- _TASK DETAILS_
Every record below needs to be retyped exactly as it appears.

━━ SUPPLIED INFORMATION ━━

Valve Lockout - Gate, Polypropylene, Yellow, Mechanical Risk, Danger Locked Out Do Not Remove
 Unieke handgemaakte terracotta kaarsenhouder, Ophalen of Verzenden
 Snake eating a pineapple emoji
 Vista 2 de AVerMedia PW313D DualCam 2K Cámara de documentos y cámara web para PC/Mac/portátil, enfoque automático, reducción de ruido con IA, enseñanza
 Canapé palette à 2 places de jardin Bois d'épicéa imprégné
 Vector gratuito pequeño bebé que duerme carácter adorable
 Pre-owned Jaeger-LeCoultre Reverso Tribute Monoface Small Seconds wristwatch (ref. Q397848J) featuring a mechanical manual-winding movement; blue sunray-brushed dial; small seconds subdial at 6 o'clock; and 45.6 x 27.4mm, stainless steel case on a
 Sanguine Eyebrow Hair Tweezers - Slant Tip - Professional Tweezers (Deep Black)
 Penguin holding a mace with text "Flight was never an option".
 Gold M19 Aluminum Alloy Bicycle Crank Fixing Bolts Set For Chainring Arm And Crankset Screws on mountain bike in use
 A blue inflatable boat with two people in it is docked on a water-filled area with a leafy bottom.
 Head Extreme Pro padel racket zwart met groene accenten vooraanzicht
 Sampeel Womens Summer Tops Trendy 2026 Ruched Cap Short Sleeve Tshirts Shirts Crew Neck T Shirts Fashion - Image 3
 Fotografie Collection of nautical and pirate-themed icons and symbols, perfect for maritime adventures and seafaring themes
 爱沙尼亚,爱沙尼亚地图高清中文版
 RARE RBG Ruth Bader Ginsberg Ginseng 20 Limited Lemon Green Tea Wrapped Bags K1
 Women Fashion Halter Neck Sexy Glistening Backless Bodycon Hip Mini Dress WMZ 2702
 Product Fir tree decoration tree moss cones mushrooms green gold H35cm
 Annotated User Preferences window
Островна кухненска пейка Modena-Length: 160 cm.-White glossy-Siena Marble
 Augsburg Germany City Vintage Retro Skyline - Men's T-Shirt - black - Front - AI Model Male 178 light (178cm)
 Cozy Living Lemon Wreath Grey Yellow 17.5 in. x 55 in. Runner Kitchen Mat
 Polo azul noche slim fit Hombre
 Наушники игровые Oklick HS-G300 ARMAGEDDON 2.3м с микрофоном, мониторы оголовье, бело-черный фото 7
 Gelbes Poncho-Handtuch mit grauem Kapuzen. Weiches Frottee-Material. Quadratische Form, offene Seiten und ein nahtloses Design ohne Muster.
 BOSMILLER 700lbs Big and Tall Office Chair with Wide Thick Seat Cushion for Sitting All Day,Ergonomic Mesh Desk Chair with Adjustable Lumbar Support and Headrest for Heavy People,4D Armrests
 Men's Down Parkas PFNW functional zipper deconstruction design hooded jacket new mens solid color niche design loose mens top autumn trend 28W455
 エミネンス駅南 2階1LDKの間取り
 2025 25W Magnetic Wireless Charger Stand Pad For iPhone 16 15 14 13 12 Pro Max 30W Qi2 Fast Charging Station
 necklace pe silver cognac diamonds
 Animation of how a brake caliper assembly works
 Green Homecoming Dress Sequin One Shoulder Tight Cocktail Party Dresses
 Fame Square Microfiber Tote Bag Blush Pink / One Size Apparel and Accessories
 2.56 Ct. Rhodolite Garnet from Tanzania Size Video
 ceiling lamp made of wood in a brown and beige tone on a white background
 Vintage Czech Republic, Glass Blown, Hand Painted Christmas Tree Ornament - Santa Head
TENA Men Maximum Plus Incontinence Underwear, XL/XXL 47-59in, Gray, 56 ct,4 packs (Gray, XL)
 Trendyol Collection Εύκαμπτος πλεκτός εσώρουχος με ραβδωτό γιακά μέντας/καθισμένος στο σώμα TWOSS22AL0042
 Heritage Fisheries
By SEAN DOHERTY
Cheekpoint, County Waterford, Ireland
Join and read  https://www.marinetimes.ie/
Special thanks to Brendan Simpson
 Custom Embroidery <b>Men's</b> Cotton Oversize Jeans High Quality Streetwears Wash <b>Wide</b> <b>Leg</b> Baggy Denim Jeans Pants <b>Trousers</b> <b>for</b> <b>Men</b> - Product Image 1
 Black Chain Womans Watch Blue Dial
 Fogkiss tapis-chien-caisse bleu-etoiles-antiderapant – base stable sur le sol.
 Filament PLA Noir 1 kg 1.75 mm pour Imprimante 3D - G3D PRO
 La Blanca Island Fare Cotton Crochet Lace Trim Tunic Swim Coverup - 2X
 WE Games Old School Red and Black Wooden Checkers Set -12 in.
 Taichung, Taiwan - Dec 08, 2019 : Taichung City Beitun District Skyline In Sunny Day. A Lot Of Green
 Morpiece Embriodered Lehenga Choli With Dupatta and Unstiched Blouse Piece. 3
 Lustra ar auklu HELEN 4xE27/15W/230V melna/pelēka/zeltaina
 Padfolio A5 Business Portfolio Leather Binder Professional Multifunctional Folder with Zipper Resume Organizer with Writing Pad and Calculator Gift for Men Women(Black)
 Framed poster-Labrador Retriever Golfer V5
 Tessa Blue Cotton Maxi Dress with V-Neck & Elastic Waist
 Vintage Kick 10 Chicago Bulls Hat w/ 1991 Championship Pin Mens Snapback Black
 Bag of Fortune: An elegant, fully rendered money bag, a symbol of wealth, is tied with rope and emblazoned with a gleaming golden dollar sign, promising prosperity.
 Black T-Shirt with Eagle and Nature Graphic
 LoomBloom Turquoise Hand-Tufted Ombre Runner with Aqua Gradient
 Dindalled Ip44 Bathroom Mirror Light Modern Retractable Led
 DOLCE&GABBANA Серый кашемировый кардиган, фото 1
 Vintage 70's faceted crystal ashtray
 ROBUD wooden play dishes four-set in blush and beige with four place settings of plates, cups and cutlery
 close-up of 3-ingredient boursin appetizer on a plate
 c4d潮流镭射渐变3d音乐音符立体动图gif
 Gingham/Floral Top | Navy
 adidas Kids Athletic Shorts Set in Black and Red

━━━

- _TASK RESPONSE_
Valve Lockout - Gate, Polypropylene, Yellow, Mechanical Risk, Danger Locked Out Do Not Remove
 Unieke handgemaakte terracotta kaarsenhouder, Ophalen of Verzenden
 Snake eating a pineapple emoji
 Vista 2 de AVerMedia PW313D DualCam 2K Cámara de documentos y cámara web para PC/Mac/portátil, enfoque automático, reducción de ruido con IA, enseñanza
 Canapé palette à 2 places de jardin Bois d'épicéa imprégné
 Vector gratuito pequeño bebé que duerme carácter adorable
 Pre-owned Jaeger-LeCoultre Reverso Tribute Monoface Small Seconds wristwatch (ref. Q397848J) featuring a mechanical manual-winding movement; blue sunray-brushed dial; small seconds subdial at 6 o'clock; and 45.6 x 27.4mm, stainless steel case on a
 Sanguine Eyebrow Hair Tweezers - Slant Tip - Professional Tweezers (Deep Black)
 Penguin holding a mace with text "Flight was never an option".
 Gold M19 Aluminum Alloy Bicycle Crank Fixing Bolts Set For Chainring Arm And Crankset Screws on mountain bike in use
 A blue inflatable boat with two people in it is docked on a water-filled area with a leafy bottom.
 Head Extreme Pro padel racket zwart met groene accenten vooraanzicht
 Sampeel Womens Summer Tops Trendy 2026 Ruched Cap Short Sleeve Tshirts Shirts Crew Neck T Shirts Fashion - Image 3
 Fotografie Collection of nautical and pirate-themed icons and symbols, perfect for maritime adventures and seafaring themes
 爱沙尼亚,爱沙尼亚地图高清中文版
 RARE RBG Ruth Bader Ginsberg Ginseng 20 Limited Lemon Green Tea Wrapped Bags K1
 Women Fashion Halter Neck Sexy Glistening Backless Bodycon Hip Mini Dress WMZ 2702
 Product Fir tree decoration tree moss cones mushrooms green gold H35cm
 Annotated User Preferences window
Островна кухненска пейка Modena-Length: 160 cm.-White glossy-Siena Marble
 Augsburg Germany City Vintage Retro Skyline - Men's T-Shirt - black - Front - AI Model Male 178 light (178cm)
 Cozy Living Lemon Wreath Grey Yellow 17.5 in. x 55 in. Runner Kitchen Mat
 Polo azul noche slim fit Hombre
 Наушники игровые Oklick HS-G300 ARMAGEDDON 2.3м с микрофоном, мониторы оголовье, бело-черный фото 7
 Gelbes Poncho-Handtuch mit grauem Kapuzen. Weiches Frottee-Material. Quadratische Form, offene Seiten und ein nahtloses Design ohne Muster.
 BOSMILLER 700lbs Big and Tall Office Chair with Wide Thick Seat Cushion for Sitting All Day,Ergonomic Mesh Desk Chair with Adjustable Lumbar Support and Headrest for Heavy People,4D Armrests
 Men's Down Parkas PFNW functional zipper deconstruction design hooded jacket new mens solid color niche design loose mens top autumn trend 28W455
 エミネンス駅南 2階1LDKの間取り
 2025 25W Magnetic Wireless Charger Stand Pad For iPhone 16 15 14 13 12 Pro Max 30W Qi2 Fast Charging Station
 necklace pe silver cognac diamonds
 Animation of how a brake caliper assembly works
 Green Homecoming Dress Sequin One Shoulder Tight Cocktail Party Dresses
 Fame Square Microfiber Tote Bag Blush Pink / One Size Apparel and Accessories
 2.56 Ct. Rhodolite Garnet from Tanzania Size Video
 ceiling lamp made of wood in a brown and beige tone on a white background
 Vintage Czech Republic, Glass Blown, Hand Painted Christmas Tree Ornament - Santa Head
TENA Men Maximum Plus Incontinence Underwear, XL/XXL 47-59in, Gray, 56 ct,4 packs (Gray, XL)
 Trendyol Collection Εύκαμπτος πλεκτός εσώρουχος με ραβδωτό γιακά μέντας/καθισμένος στο σώμα TWOSS22AL0042
 Heritage Fisheries
By SEAN DOHERTY
Cheekpoint, County Waterford, Ireland
Join and read  https://www.marinetimes.ie/
Special thanks to Brendan Simpson
 Custom Embroidery <b>Men's</b> Cotton Oversize Jeans High Quality Streetwears Wash <b>Wide</b> <b>Leg</b> Baggy Denim Jeans Pants <b>Trousers</b> <b>for</b> <b>Men</b> - Product Image 1
 Black Chain Womans Watch Blue Dial
 Fogkiss tapis-chien-caisse bleu-etoiles-antiderapant – base stable sur le sol.
 Filament PLA Noir 1 kg 1.75 mm pour Imprimante 3D - G3D PRO
 La Blanca Island Fare Cotton Crochet Lace Trim Tunic Swim Coverup - 2X
 WE Games Old School Red and Black Wooden Checkers Set -12 in.
 Taichung, Taiwan - Dec 08, 2019 : Taichung City Beitun District Skyline In Sunny Day. A Lot Of Green
 Morpiece Embriodered Lehenga Choli With Dupatta and Unstiched Blouse Piece. 3
 Lustra ar auklu HELEN 4xE27/15W/230V melna/pelēka/zeltaina
 Padfolio A5 Business Portfolio Leather Binder Professional Multifunctional Folder with Zipper Resume Organizer with Writing Pad and Calculator Gift for Men Women(Black)
 Framed poster-Labrador Retriever Golfer V5
 Tessa Blue Cotton Maxi Dress with V-Neck & Elastic Waist
 Vintage Kick 10 Chicago Bulls Hat w/ 1991 Championship Pin Mens Snapback Black
 Bag of Fortune: An elegant, fully rendered money bag, a symbol of wealth, is tied with rope and emblazoned with a gleaming golden dollar sign, promising prosperity.
 Black T-Shirt with Eagle and Nature Graphic
 LoomBloom Turquoise Hand-Tufted Ombre Runner with Aqua Gradient
 Dindalled Ip44 Bathroom Mirror Light Modern Retractable Led
 DOLCE&GABBANA Серый кашемировый кардиган, фото 1
 Vintage 70's faceted crystal ashtray
 ROBUD wooden play dishes four-set in blush and beige with four place settings of plates, cups and cutlery
 close-up of 3-ingredient boursin appetizer on a plate
 c4d潮流镭射渐变3d音乐音符立体动图gif
 Gingham/Floral Top | Navy
 adidas Kids Athletic Shorts Set in Black and Red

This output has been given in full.